そのデジタル技術の驚くべき技量と絵画文化の膨大な知識を用いて、ケオラは芸術と自然、絵画と植物の間を絶え間なく揺れ動きます。
ケオラは、スペクタクルと本質的な変化を生み出すための出発点、きっかけとして風景を用います。画像解析とマニピュレーションのアルゴリズムを流用して、写真画像を再解釈し直し、オルタナティブな視覚と総合の方法を提案します。高解像で撮影された見慣れた風景が、木々の細部と擬人化された形状を特に重視して示されます。次いで専用のソフトウェアを使い、葉の細かな様相は2次元のまとまりに単純化され、抽象化されていきます。木々や小木の外縁がぼやけていく一方で、自然は密になりほとんど入り込めなくなります。その結果生じた構図は、暗示的な仕方で、表象と抽象、自然風景の奥行きとモニターの表面との間に宙吊りにされています。このイメージとは対照的に、色彩と運動の鮮烈なグラフィック表現が、ある一定の順序で、表層の下に実際に隠れているものを私たちに思い出させるために次々と表示されていきます。この作品は、風景から出発し抽象へと逸脱していった、世界の複雑さをオルタナティブな総合へと単純化させた西欧芸術の近代的伝統にオマージュを捧げています。
ケオラは、デジタル技術を用いて、魅力的な「印象派的」世界のうちに私たちを投げ込みます。彼は、フランス印象主義の伝統とクロード・モネの晩年の作品にオマージュを捧げています。このシリーズの2つ目の反復プロセスは、私たちが自然を観察、研究、総合する仕方を探り、抽象化の基礎を築きます。
ケオラは、古典的な印象派の風景画のそれと類似した環境を再現しましたが、私たちの感覚が感受できない現実の微妙なニュアンスを捉えるために、テクノロジーを使った非常に重要な装置を使用しました。ここでは、私たちは機械の眼を通して自然風景を観察・分析し、視覚的総合の新たな方法でそれらの風景を再構築します。

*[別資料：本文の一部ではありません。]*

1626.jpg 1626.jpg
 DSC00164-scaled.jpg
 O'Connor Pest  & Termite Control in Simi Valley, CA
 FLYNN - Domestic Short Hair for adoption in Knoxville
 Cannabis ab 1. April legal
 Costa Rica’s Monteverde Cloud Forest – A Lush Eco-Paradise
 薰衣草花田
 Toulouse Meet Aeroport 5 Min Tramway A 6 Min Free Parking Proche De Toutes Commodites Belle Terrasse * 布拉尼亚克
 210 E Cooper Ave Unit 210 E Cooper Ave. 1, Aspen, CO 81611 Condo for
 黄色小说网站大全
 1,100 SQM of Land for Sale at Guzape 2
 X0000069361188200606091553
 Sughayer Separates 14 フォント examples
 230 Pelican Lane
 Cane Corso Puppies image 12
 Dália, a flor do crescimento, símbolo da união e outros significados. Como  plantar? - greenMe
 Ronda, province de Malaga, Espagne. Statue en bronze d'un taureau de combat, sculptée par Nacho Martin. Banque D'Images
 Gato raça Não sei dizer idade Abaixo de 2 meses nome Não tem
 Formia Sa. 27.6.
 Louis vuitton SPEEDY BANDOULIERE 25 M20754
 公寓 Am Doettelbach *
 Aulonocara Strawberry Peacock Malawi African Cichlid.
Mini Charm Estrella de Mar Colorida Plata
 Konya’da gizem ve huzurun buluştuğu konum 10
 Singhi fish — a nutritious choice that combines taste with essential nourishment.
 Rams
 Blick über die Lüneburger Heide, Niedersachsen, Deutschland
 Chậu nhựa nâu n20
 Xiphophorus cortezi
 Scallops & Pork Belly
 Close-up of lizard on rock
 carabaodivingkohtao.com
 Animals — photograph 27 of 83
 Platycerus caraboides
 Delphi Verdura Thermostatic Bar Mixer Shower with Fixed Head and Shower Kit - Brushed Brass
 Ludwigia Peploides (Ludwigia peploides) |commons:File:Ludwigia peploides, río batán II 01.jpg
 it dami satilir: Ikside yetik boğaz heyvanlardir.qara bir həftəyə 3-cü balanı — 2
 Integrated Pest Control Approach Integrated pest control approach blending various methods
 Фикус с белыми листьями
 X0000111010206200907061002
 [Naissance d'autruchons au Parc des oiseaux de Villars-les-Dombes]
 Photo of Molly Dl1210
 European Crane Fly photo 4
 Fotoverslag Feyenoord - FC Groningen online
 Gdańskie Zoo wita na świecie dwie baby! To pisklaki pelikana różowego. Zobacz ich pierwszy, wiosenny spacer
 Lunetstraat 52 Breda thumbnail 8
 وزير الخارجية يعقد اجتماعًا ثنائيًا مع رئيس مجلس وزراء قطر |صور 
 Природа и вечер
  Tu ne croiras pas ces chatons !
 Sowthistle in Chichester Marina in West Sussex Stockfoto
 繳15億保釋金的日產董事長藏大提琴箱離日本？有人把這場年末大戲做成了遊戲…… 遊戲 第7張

「Effets de Soir (エフェ・ド・ソワール)」とは、夜明けや夕暮れ時、光と影、暖色と寒色がだんだんとぼやけていく時刻に知覚できる光と色彩の効果です。モネからヴァン・ゴッホまで、多くの画家がこの印象をキャンバスに移し替えようと試み、真の絵画技術を進化させてきました。ケオラは、自然の刺激と人工の刺激を組み合わせて夜の効果をモデル化することで、この遺産と対峙します。ケオラの「Effets de Soir (エフェ・ド・ソワール)」は、人工照明と反射鏡で照らされ、夜に撮影された花の構図の写真を基にしたビデオ作品です。ショーモン・シュル・ロワール城の豪奢な庭園で撮影された高解像の画像を元に、ケオラはコンピューターで絵画を制作し、映像と音のシークエンスにおいて構成的、律動的なダイナミクスを表現しています。植物の構図の正面からのカット、色の点が散りばめられた暗色のカンバスが幾何学的形状と色彩的印象に分解されていきます。自然世界に対する人間的、感情的な知覚は、自然の各要素を分解・解析するためにプログラムされたソフトウェアを使って「確認」し、「認識」する機械の客観的で精確な知覚に取って代わられます。解析とデバッグのプロセスは視覚化され、計算のアルゴリズムによって生成された絵画的自然を映した映像に挿入されます。絵画は世界とその知覚の再現ではなく解析結果となり、修正され、再コード化されます。ケオラの作品の中では、機械の「思考」「思考法 (forma mentis)」が絵画となります。構成のダイナミクス、絵筆さばき、リズムと流れは、ソフトウェアのストラクチャーの表明なのです。アルゴリズムは自然世界とコンピューター世界との間の魅力的な類似性の有機的ダイナミクスとプロセスを進化させます。「自然とデジタルという2つの領域において、私たちは何ものにも依存しない独自の論理に従い、現実に絶え間ない進化を可能にさせる生成的プロセスを見出すでしょう。自然世界に似た人工的な自然を実際に作りながら、ケオラは印象主義の新形態を発明しました。」アーティストの作品についてジェローム・ヌートルはこう述べています。
プロフィール
ケオラ
イタリア
1982年ローマ生まれのダヴィッド・ケオラは、若くからローマとその歴史的イコノグラフィと距離を置き、19歳でロンドンに住むことを選びました。彼はロンドンで新しいテーマ、言説、表現様式を探究します。2005年、ロンドン大学で芸術学の学士号を取得します。その後も表現を続け、2013年にオーストリア、リンツのアルス・エレクトロニカ賞においてゴールデン・ニカ賞を受賞します。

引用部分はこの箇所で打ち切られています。